Crowdsourcing takes center stage at TEDxOilSpill Event

By Ford Cochran

If there's a theme to the morning's presentations at today's TEDxOilSpill event beyond the dire consequences of leaking oil, it's this: Much of the best hope for addressing problems created by the BP Deepwater Horizon well rupture and the world's larger dependence on fossil fuels lies in large numbers of people collaborating through crowdsource tools such as social media websites, community-built GIS map layers, and citizen reporter networks.

The smartphone may not be mightier than the tar, but it can help you figure out where to go if you'd like to help scrub some off a bird or a beach--and maybe speed the process of finding sustainable energy sources as well.

"We believe this is the future of disaster response," said software developer Sean Soper--"Crowdsource it with a smartphone, upload it, and share it so folks can act on it."

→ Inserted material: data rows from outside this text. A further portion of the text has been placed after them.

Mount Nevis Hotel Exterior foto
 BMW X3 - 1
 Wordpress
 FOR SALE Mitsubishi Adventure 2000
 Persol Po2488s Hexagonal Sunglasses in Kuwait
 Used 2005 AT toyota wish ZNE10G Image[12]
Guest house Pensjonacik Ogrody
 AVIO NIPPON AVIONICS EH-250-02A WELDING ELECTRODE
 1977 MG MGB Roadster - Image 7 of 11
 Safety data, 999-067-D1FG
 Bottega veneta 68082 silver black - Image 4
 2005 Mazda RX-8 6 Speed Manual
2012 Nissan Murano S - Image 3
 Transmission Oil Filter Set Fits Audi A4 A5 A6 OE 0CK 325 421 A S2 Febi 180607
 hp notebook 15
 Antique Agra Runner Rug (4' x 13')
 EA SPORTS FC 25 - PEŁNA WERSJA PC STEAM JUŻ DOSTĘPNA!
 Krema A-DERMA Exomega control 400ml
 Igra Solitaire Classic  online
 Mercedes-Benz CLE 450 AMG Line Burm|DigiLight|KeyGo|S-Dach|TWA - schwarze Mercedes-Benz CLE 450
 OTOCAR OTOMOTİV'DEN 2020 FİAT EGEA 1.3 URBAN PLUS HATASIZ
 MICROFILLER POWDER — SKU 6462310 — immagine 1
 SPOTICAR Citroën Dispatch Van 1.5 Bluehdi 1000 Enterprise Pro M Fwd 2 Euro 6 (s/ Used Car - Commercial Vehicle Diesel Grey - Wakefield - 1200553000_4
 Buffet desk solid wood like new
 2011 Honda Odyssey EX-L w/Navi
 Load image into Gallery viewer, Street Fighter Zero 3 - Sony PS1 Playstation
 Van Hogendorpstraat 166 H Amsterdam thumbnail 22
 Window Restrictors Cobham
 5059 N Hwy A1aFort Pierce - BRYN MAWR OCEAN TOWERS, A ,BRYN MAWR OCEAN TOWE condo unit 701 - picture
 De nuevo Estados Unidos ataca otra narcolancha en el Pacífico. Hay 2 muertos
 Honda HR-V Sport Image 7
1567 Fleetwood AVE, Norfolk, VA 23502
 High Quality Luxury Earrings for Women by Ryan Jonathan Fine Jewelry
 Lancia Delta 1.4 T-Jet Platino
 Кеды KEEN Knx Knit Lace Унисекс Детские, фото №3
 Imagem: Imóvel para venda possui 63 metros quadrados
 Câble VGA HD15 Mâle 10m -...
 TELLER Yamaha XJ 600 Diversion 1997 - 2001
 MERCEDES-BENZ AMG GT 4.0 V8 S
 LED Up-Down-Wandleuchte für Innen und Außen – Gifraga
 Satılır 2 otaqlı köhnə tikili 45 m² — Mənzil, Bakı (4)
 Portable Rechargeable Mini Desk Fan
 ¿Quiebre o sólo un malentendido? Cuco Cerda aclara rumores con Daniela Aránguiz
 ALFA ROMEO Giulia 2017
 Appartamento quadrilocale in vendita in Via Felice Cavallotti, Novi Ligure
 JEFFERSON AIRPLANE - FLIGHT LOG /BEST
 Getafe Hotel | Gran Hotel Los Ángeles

Soper was demonstrating Oil Reporter, a free mobile application developed for Crisis Commons that enables people to "help with the recovery effort by using real-time check-ins to report what they're seeing on the ground. Users can upload photos, reporting oil sighting, harmed wildlife sightings and much more."

The TedXOilSpill event comes at the end of the week-long TEDxOilSpill Expedition. A team of photographers and videographers traveled to the site of the ongoing oil leak in the Gulf of Mexico and to some of the Louisiana and Alabama cities, towns, marshes, and beaches most affected by the leaking well.